I am not making a pacifist argument here, to be clear.  I'm not at all suggesting there's anything better or more moral or even more effective about the IWW or AIM having access to arms or not having access to arms.  I'm suggesting that historically, when it comes to popular movements that did not make revolutions but did ultimately have a major impact, the impact they had was overwhelmingly because of their popularity, their thinking, and their methods of organizing, rather than any victories on the battlefield, and certainly had nothing to do with the easy legal access to firearms.

Although US history -- whether we're talking about last year or the last century -- is very bloody, as is the history of much of the world, and armed movements can be instrumental in influencing the powers-that-be to make major reforms, once those reforms have been made, the forum of the struggle tends to change.  It's a very rocky, uneven process, I'm not suggesting otherwise.  But generally, once things like the right for workers to strike was more or less established, and going on strike was no longer generally going to result in being massacred by the police, violent repression did not stop, but the largely unwritten rules of engagement did, to no small extent, and this happened in lots of different countries that could be mentioned, including the US.  

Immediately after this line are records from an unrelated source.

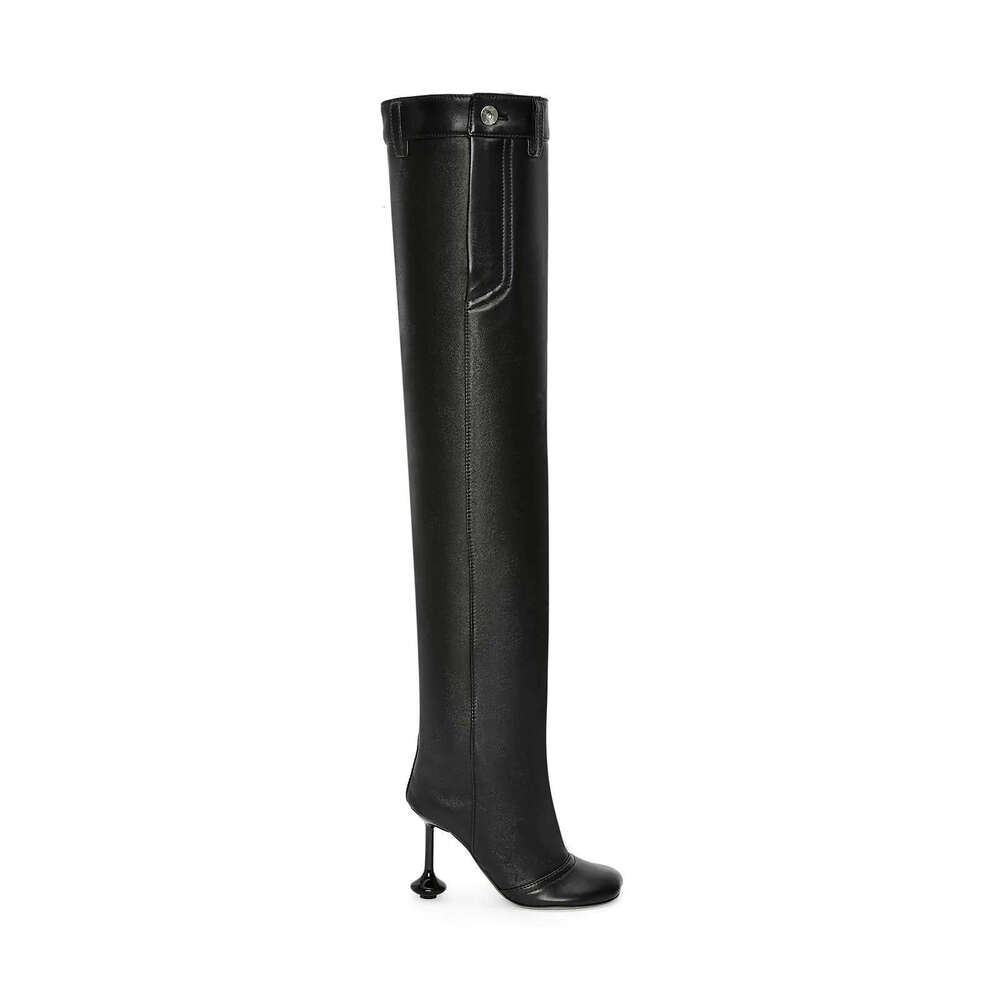 2024 Autumn Winter New Foreign Trade Square Irregular Heel Long Large Round Toe Sexy Over-the-Knee Plus Size Slouch Boots for Women
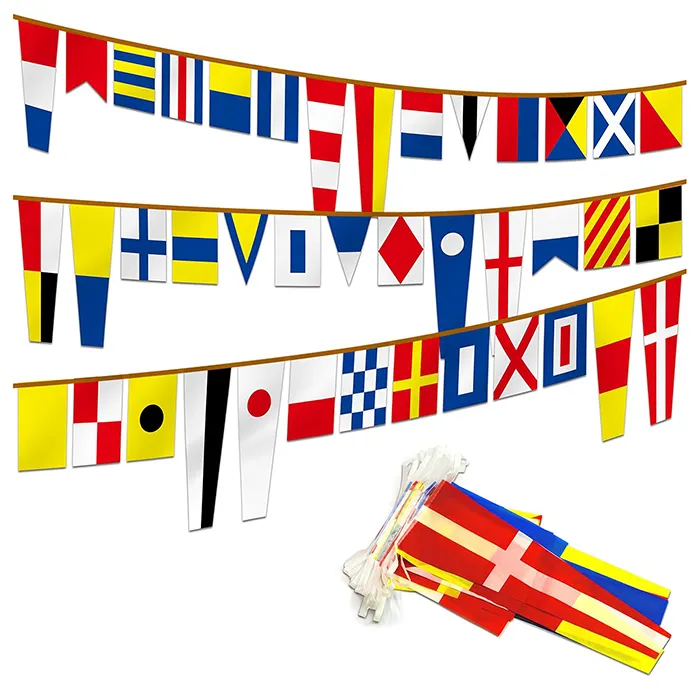 Personalized International Maritime Signal Code Flag Set of 40 Ft Long Naval Themed Decoration for Campaign Custom Signal Flags
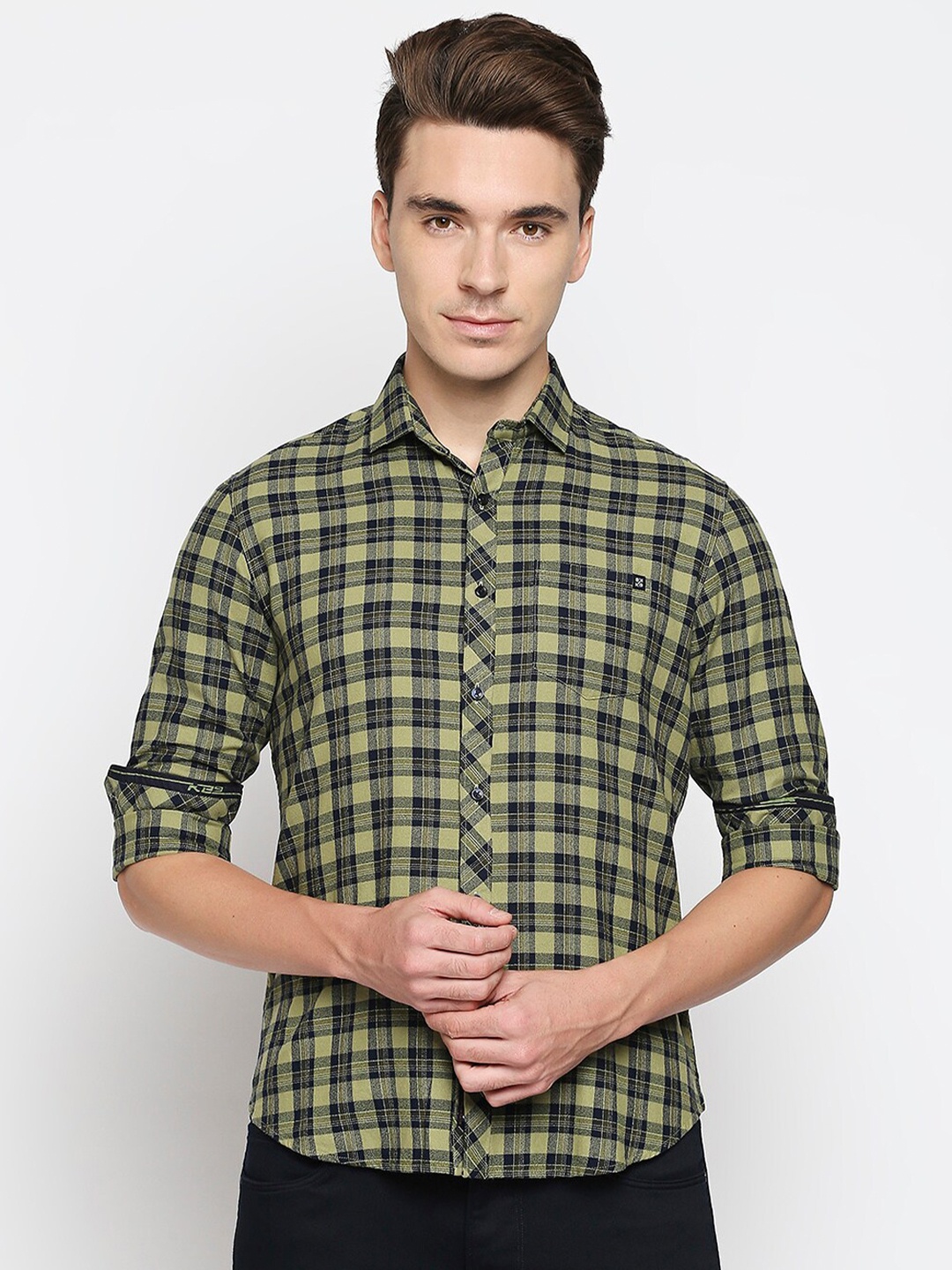 

Killer Slim Fit Tartan Checked Casual Shirt, Green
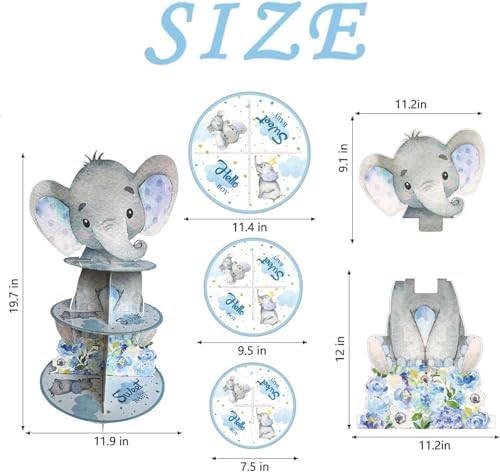 Blue Elephant Cupcake Stand Baby Boy Baby Shower Decorations 3 Tiered Dessert Cake Table Displays Eelephant, alternate view 3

In the relative absence of the kind of massive, coordinated state violence against the labor movement that was characterized by the period of the twentieth century preceding the election of FDR, the large-scale armed uprisings and bombing campaigns that we saw in the 1910's and 1920's also subsided, replaced by large-scale labor organizing, which changed the face of this and many other societies for at least a few generations.  On the island of Great Britain the history is also stark -- the last armed uprising on the island happened just prior to the establishment of the (legalized) trade union movement, after which time violent repression most definitely continued, but less often in the form of massacres of striking workers anymore, after the 1830's.

When the state changes the rules and starts massacring workers for going on strike and this sort of thing, that's the sort of change that tends to make armed resistance more popular -- when the alternative is getting slaughtered.  In the absence of that kind of situation, though, as far as I can tell, carrying around or stockpiling guns will only lead us further towards slaughtering each other, rather than towards any form of liberation.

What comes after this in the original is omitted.